So Killingsworth’s support for the tourism centre downtown is attempting to assist the bottom line of a hotel somewhere in Kelowna. I don’t know which hotel. His letter is, in any case, so full of meaningless language—“we need to move to the next level,” “we need to put our best foot forward,” “be where the people are,” “studies show that the vast majority…”—that I suspect Mr. Killingsworth simply isn’t here and therefore literally doesn’t know what he’s talking about. If he is here perhaps he could identify himself and the hotel he thinks will profit from the elimination of public waterfront in downtown Kelowna.
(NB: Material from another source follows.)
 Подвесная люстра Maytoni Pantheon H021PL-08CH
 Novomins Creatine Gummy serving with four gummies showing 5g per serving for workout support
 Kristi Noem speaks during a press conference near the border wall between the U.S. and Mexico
However, his idea that we need to have a building on the waterfront to “ensure the comfort of our visitors” is just weird. Does he think that there is a disturbing confusion in the downtown area? “Where do I go? OMG I’m lost! I think I’m in a park and enjoying it but I know I’m supposed to be spending money somewhere else….”

Tourism Kelowna itself is not the attraction. I have travelled a lot and ‘my study shows the vast majority’ of cities have tourism centres in train stations, airports and other areas where people are in transit.

There isn’t a tourism centre in the Louvre telling people what there is to do in Paris. The Louvre is the attraction.

We have natural beauty that is highly prized by visitors. There is very little we could build on the waterfront that would be more interesting than the lake. We should be very careful that we don’t eliminate the attraction in our zeal to promote tourism.

Tony Stewart is even more transparent. It seems that he considers the raison d’etre for Tourism Kelowna is to steer people from the downtown area to his winery. He trots out old standards like “the basic rule of business is go where the customers are.” Perhaps he’s planning to occupy a section of the proposed centre himself.

What he doesn’t seem to understand is that the people who go to the downtown area and walk along the waterfront or go to the beach are actually enjoying what they are doing. That’s why they’re there. They aren’t lost. It’s one of the reasons they are in Kelowna in the first place.

Tourism Kelowna shouldn’t be working for the Stewarts. Many major cities have recently done costly rehabilitation of waterfront areas, bringing them back to the public. Can we not learn from them?

If Kelowna city council created a competition for urban planners, not one of them would suggest building a 5,000-square-foot structure on the waterfront. Not for any reason. Makes you wonder who the planners are and where they got their training.